Your task: Among the entries below, only the lines from the one with "Brown hair Girl" through the one with "BÌnh xịt chống" are to be retyped, exactly and without pictures.

Task data:
- Opening Delimiter -
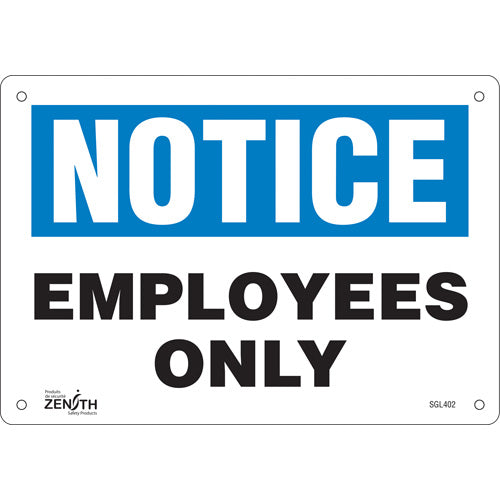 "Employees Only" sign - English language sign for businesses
- Closing Delimiter -
- Opening Delimiter -
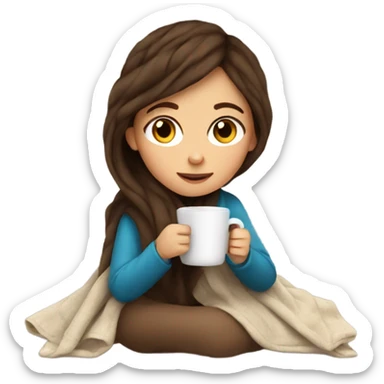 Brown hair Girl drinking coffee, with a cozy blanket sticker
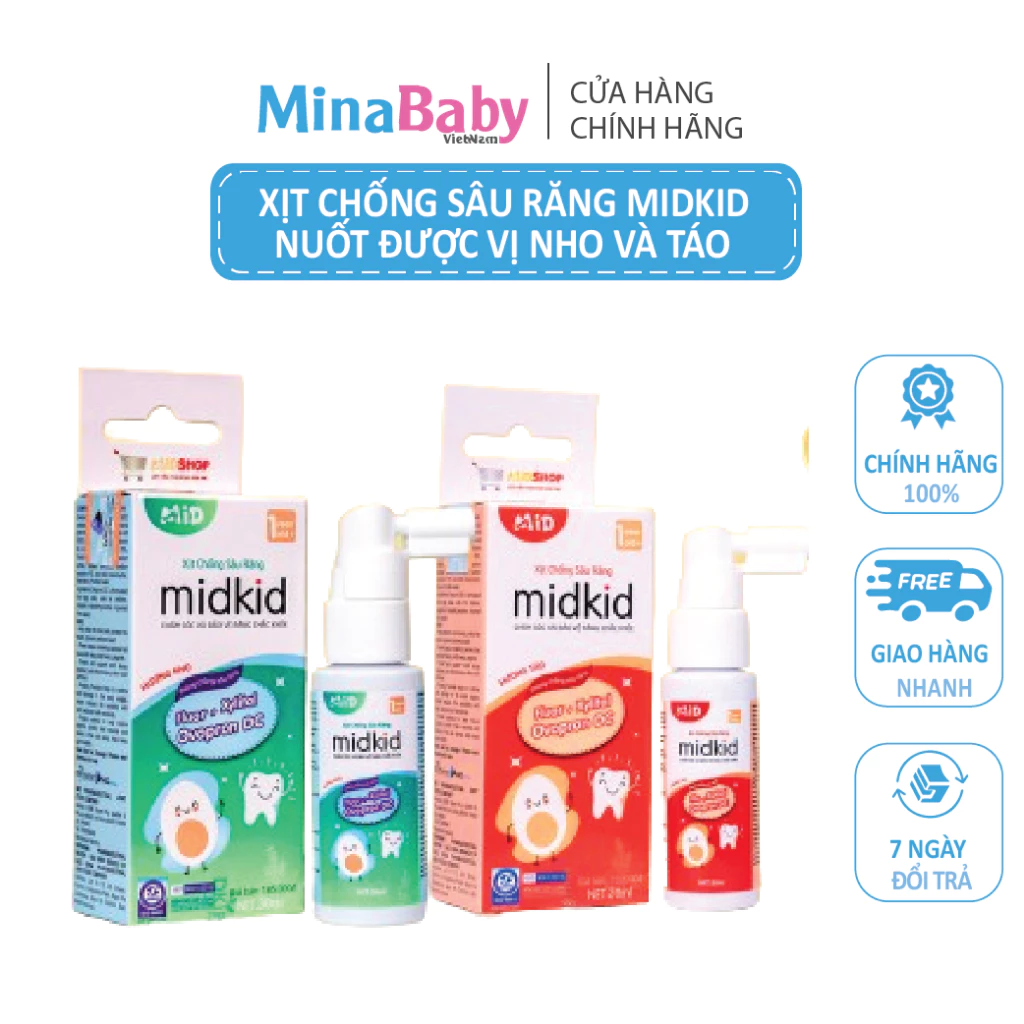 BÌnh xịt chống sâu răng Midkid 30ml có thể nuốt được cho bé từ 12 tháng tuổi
- Closing Delimiter -
Result:
 Brown hair Girl drinking coffee, with a cozy blanket sticker
 BÌnh xịt chống sâu răng Midkid 30ml có thể nuốt được cho bé từ 12 tháng tuổi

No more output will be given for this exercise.